パソコン各社の夏の新製品発表が一通り完了した。この夏は、VAIOと富士通クライアントコンピューティング(FCCL)に注目しておきたい。
使わせようと誘惑してくるVAIO
まず、VAIOはなんといっても製品愛に満ちている。コモディティ化し、どのパソコンも使われるパーツや構成は似たようなものとなるなかで、創意と工夫に加え、外観についても企画開発側の思いいれを強く感じる。
特に、台数限定のVAIO SX12勝色特別仕様のモデルは、同社の5周年を記念して企画されたもので、日本の職人技を駆使して途方もない手間とこだわりをもって実現したという。VAIOのコーポレートカラーは深く濃い藍色だが、この色は、古くから「かちいろ」と呼ばれてきた。藍を濃くしみこませるために布を叩くことが由来とされ、縁起色、すなわち勝色として武具に使われた特別な色だ。VAIOはそれを記念モデルの仕様として提案したわけだ。

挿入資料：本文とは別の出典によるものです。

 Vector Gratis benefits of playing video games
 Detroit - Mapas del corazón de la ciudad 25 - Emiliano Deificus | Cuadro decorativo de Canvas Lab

外観だけではなく、クラムシェルモバイルノートとしての完成度も高い。12.5型ワイドスクリーンを従来の11型フットプリントに抑えて広い画面を確保、そして、897g以下の軽量ボディを実演している。
圧巻は周辺機器接続のためのポートで、ボディの薄さを創意と工夫で克服し、有線LANからVGA、HDMIなどあらゆるポートを装備している。VAIO定番のVAIO TruePerformance(高負荷時に高いCPU動作クロックを維持する技術)も健在だ。第8世代の中でも最新のインテルCoreプロセッサの性能を最大限に引き出すことができる。
欲しいと思わせ、持っていたいと感じさせ、使わせようと誘惑するノートパソコンは近頃では珍しい。愛でたくなるような、そして、まるで質感のいいスマートフォンのような外観はまさにそそられるといってもいい。
軽さ競争に先鞭をつけたFCCL
一方、FCCLは、LIFEBOOKの新型として、タッチとペンに対応した13.3型スクリーンの2in1コンバーチブル機で世界最軽量の868gを実現したLIFEBOOK UH95/D2をお披露目した。

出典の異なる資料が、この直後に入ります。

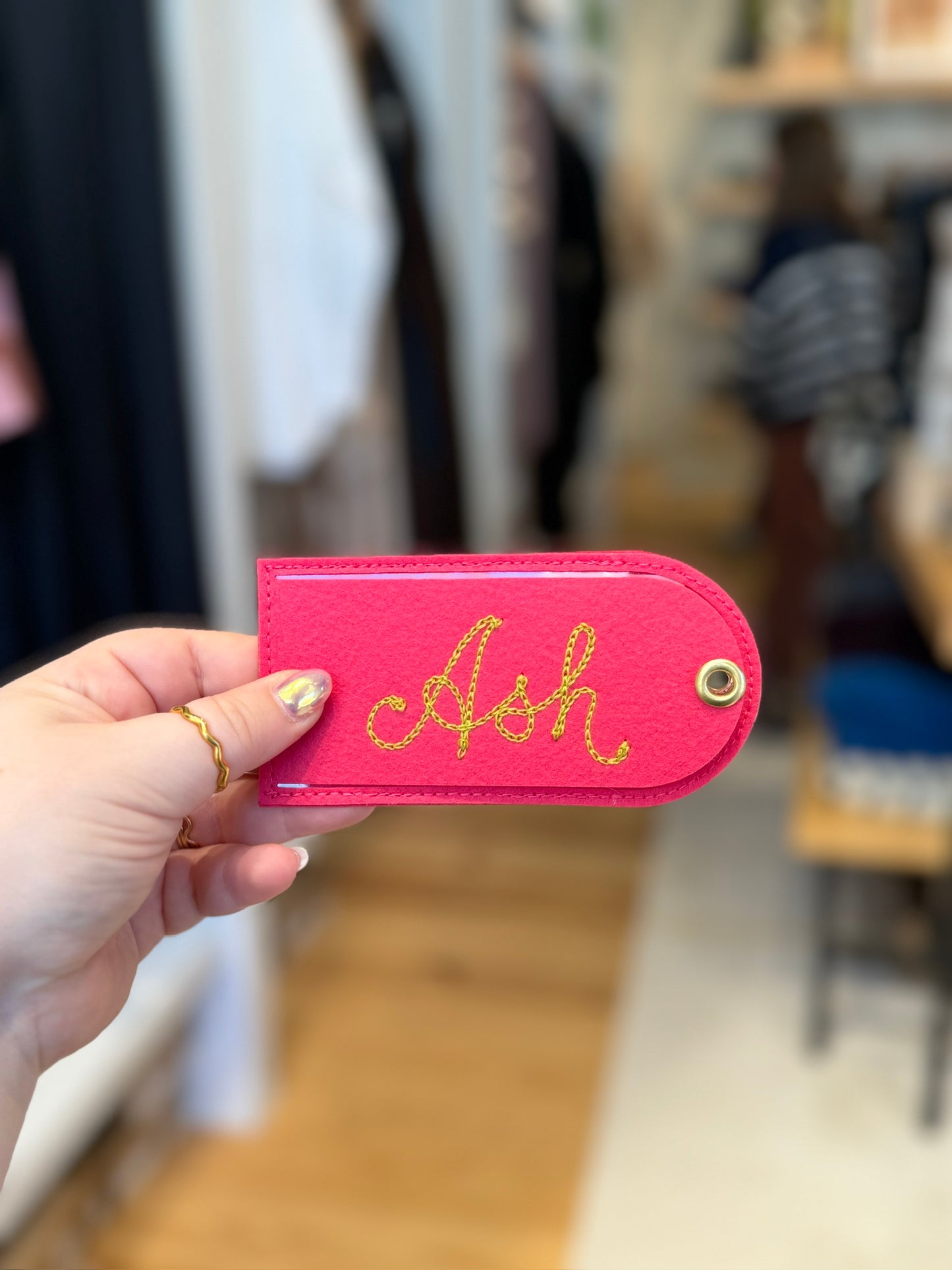 Custom Chainstitched Luggage Tag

発表会後の取材に対応した富士通クライアントコンピューティング代表取締役社長の齋藤邦彰氏は、LIFEBOOKは世界最軽量の追求をあきらめないし、それがなければ意味がないと断言する。
クラムシェル世界最軽量の698gを実現しているLIFEBOOK UH-Xに対して、2in1コンバーチブルの付加価値分を170gの増加で抑えているのは立派だ。LTE対応機がないこと、モダンスタンバイ非対応という点は残念だが、今後は、このあたりの重量が激戦区になりそうだ。その先鞭をつけたモデルとして注目しておきたい。
最初に書いたように、パソコンは、コモディティとしての標準パーツの組み合わせでできている。各社が勝負できる面は限られているというのが実状だ。それは外観であったり、機構の設計であったりする。スマートフォンはパソコン以上にその面が熾烈だ。なんといっても薄くて平たい狭額縁のスクリーンという代わり映えのしないステージに特徴を持たせ所有感を高める必要がある。ここはおおいに見習うべきだ。
パソコンはコモディティ化の道をいったんはキャンセルし、高付加価値商品としての道をもう一度考えるときにきているのではないか。わかっているメーカーは、そこをうまくコントロールできている。